McConnell voted to acquit Trump of the charge of incitement of insurrection but said in a floor speech after his vote that the former president was “practically and morally responsible for provoking” the Jan. 6 Capitol attack.

At his Friday news conference, McCarthy dodged questions about Trump’s potential involvement in GOP primaries, telling reporters, “I’ll deal with politics later.”

“My focus right now is not on politics. My focus is getting people back to work, back to school and back to health,” he said.

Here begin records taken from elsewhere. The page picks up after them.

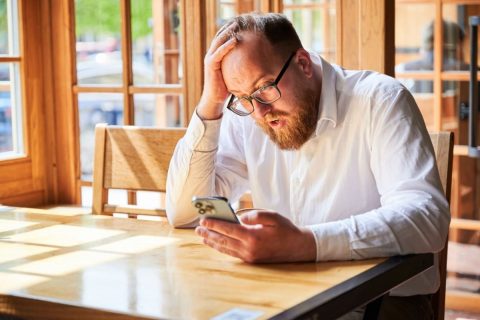 父のスマホで「銀行アプリを更新できない」と表示されました。本体はまだ使えますが、購入から6年たっている場合、買い替えを考えるべきでしょうか？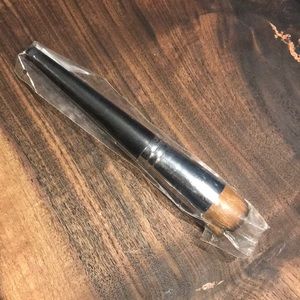 Younigue liquid foundation brush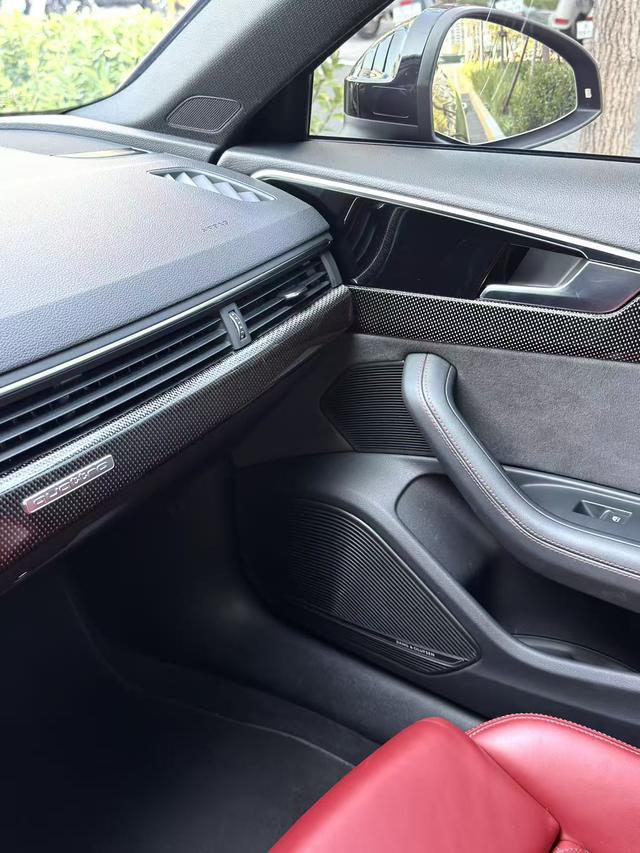 Audi S4 2023 car image #19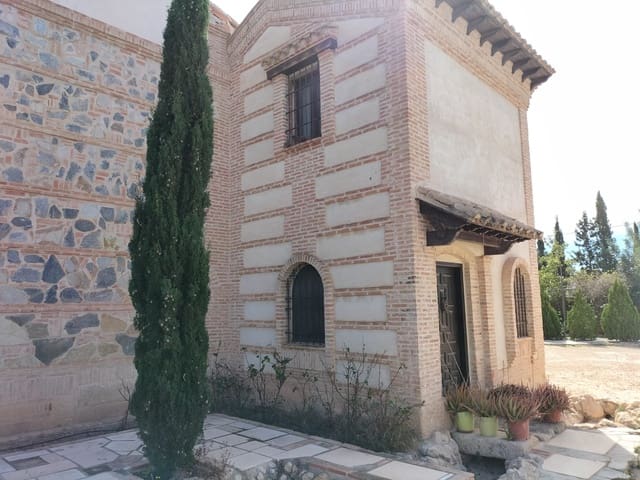 5 soveværelse Villa til salg i Crevillente / Crevillent - € 350.000 (Ref: 9186958)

As Congress continues to grapple with the fallout from the Jan. 6 attack, McCarthy said he does not believe it is necessary for lawmakers to be allowed to bring firearms on the House floor, a step some GOP lawmakers have called for.

He also took aim at the Capitol security structure, arguing that security officials should not report to the speaker of the House.

“I think a restructuring probably should happen,” he said, arguing that the current structure allows “a political person” to decide what’s best for the Capitol.

But at a hearing earlier this week, former House sergeant-at-arms Paul D. Irving disputed speculation from Republicans that House Speaker Nancy Pelosi (D-Calif.) was to blame for the security failures at the Capitol.

When asked by Sen. Josh Hawley (R-Mo.) whether he had waited for permission from congressional leaders before deploying the National Guard, Irving said, “Absolutely not.”

Mike DeBonis contributed to this report.